In the current AI landscape, vector search is one of the hottest topics due to its applications in large language models (LLM) and generative AI. Semantic vector search enables a broad range of important tasks like detecting fraudulent transactions, recommending products to users, using contextual information to augment full-text searches, and finding actors that pose potential security risks.
Data volumes continue to soar and traditional methods for comparing items one by one have become computationally infeasible. Vector search methods use approximate lookups, which are more scalable and can handle massive amounts of data more efficiently. As we show in this post, accelerating vector search on the GPU provides not only faster search times, but the index building times can also be substantially faster.
This post provides:
- An introduction to vector search with a brief review of popular applications
- An overview of the cuVS library for accelerating vector search on the GPU
- Performance comparison of GPU-accelerated vectors search indexes against the state-of-the-art on the CPU
The second post in this series dives deeper into each of the GPU-accelerated indexes mentioned in this post and gives a brief explanation of how the algorithms work, along with a summary of important parameters to fine-tune their behavior. For more information, see part 2 of this blog Accelerating Vector Search: Fine-Tuning GPU Index Algorithms.
The third post in this series focuses on IVF-Flat, an ANN algorithm found in NVIDIA cuVS. We discuss how the algorithm works, and demonstrate the usage of both the Python and C++ APIs in cuVS. We cover setting parameters for index building and give tips on how to configure GPU-accelerated IVF-Flat search.
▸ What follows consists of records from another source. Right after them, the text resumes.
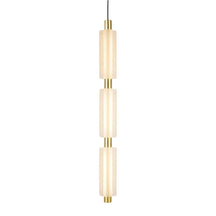 Cylindrical LED Alabaster Pendant Lamp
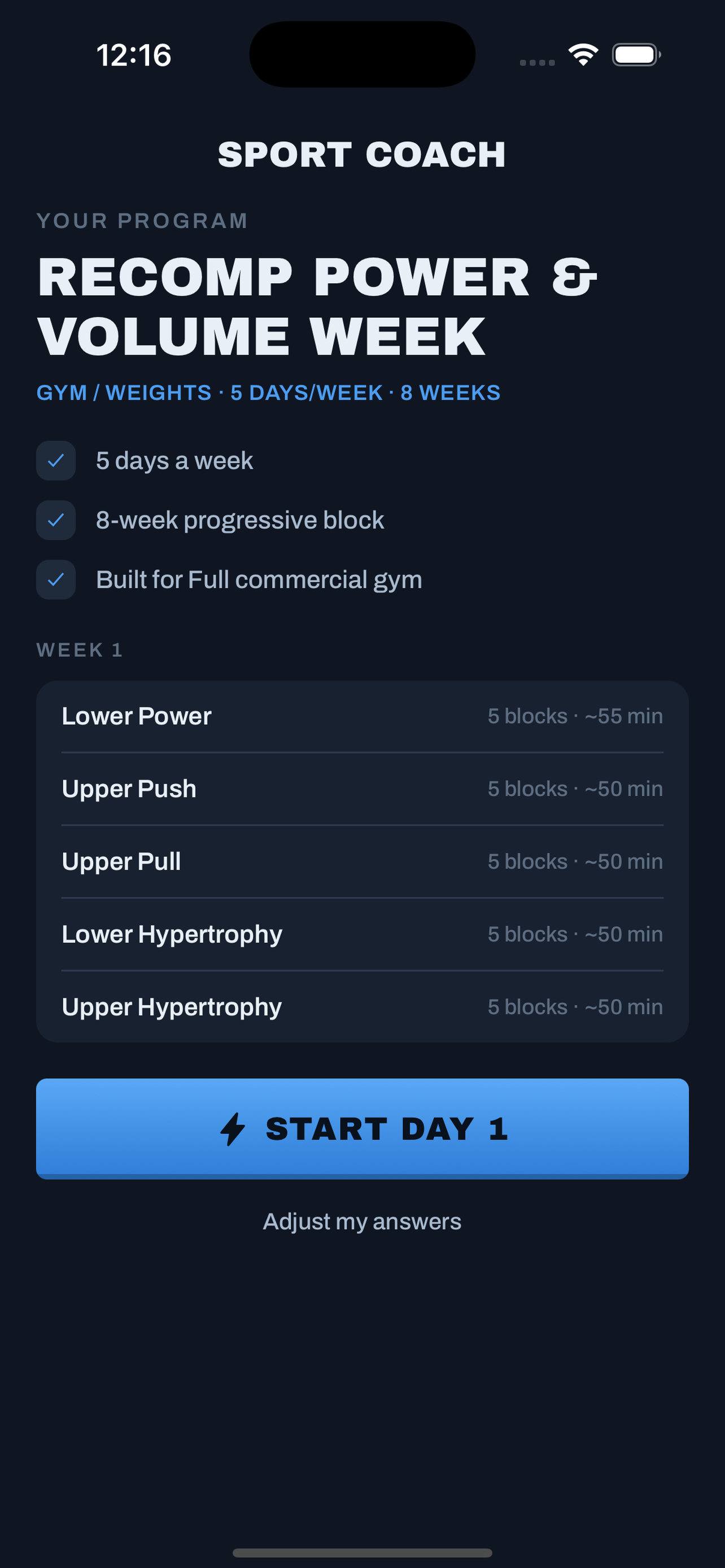 PULSE: Workout & Meals screenshot 3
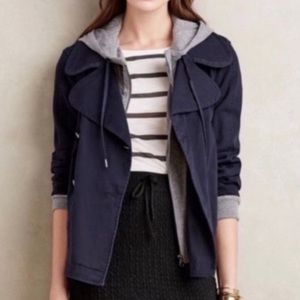 Hei Hei layered look hooded jacket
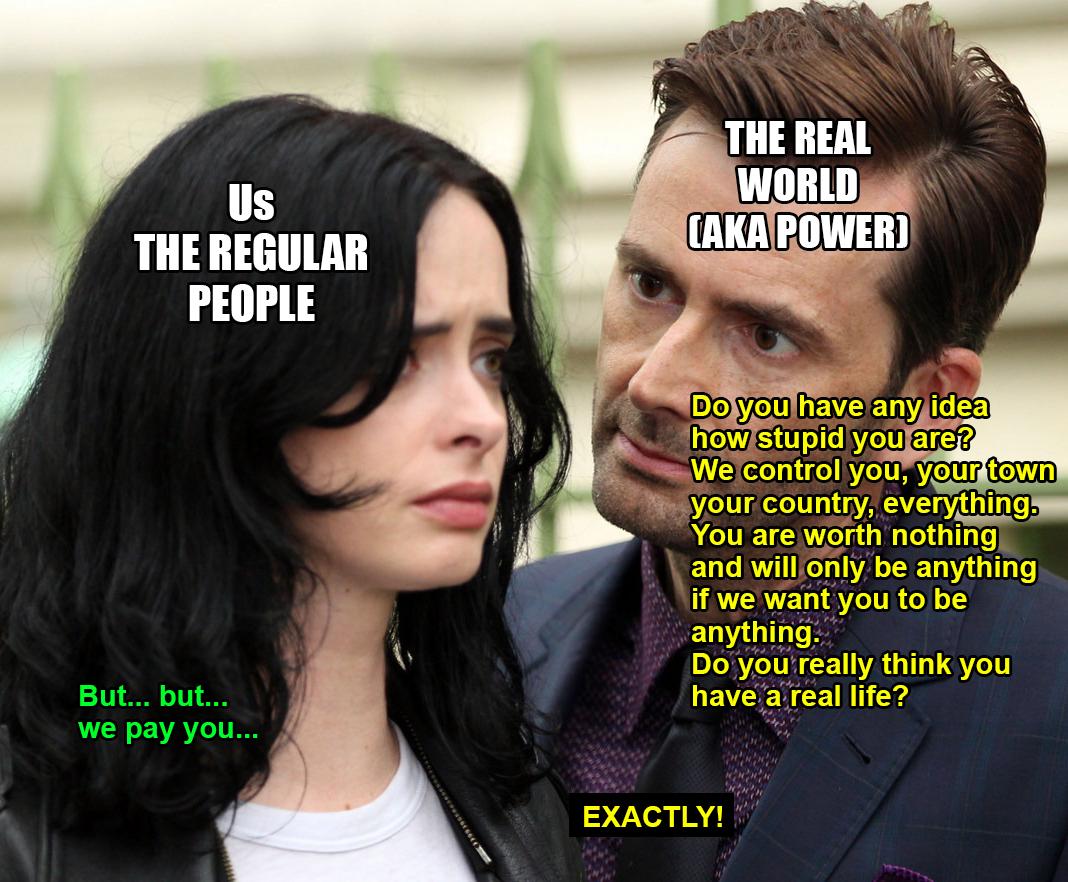 Depressing schizo conspiracy meme (maybe)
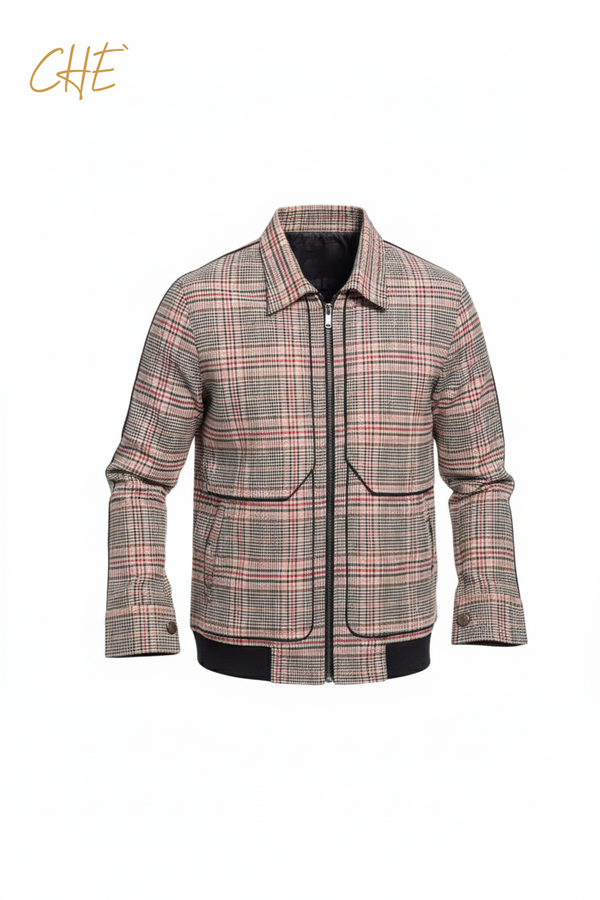 Men's Reversible Jacket With Check Pattern ENVY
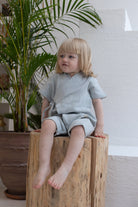 Totzee-Müslin Uzun Kimono Tulum Sis Grisi-Çocuk Elbise & Tulum-2-Milagron.com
For more information, see Accelerated Vector Search: Approximating with NVIDIA cuVS IVF-Flat.
What is vector search?

Figure 1 shows that vector search entails creating an index of vectors and performing lookups to find some number of vectors in the index that are closest to a query vector. The vectors could be as small as three-dimensional points from a lidar point cloud or larger embeddings from text documents, images, or videos.
Vector search is the process of querying a database to find the most similar vectors. This similarity search is done on numerical vectors that can represent any type of object (Figure 2). These vectors are often embeddings created from multimedia like images, video, and text fragments or entire documents that went through a deep learning model to encode their semantic characteristics into a vector form.
Embedding vectors typically have the advantage of being a smaller object than the original document (lower dimensionality), while maintaining as much information about the source as possible. Therefore, two documents that are similar often have similar embeddings.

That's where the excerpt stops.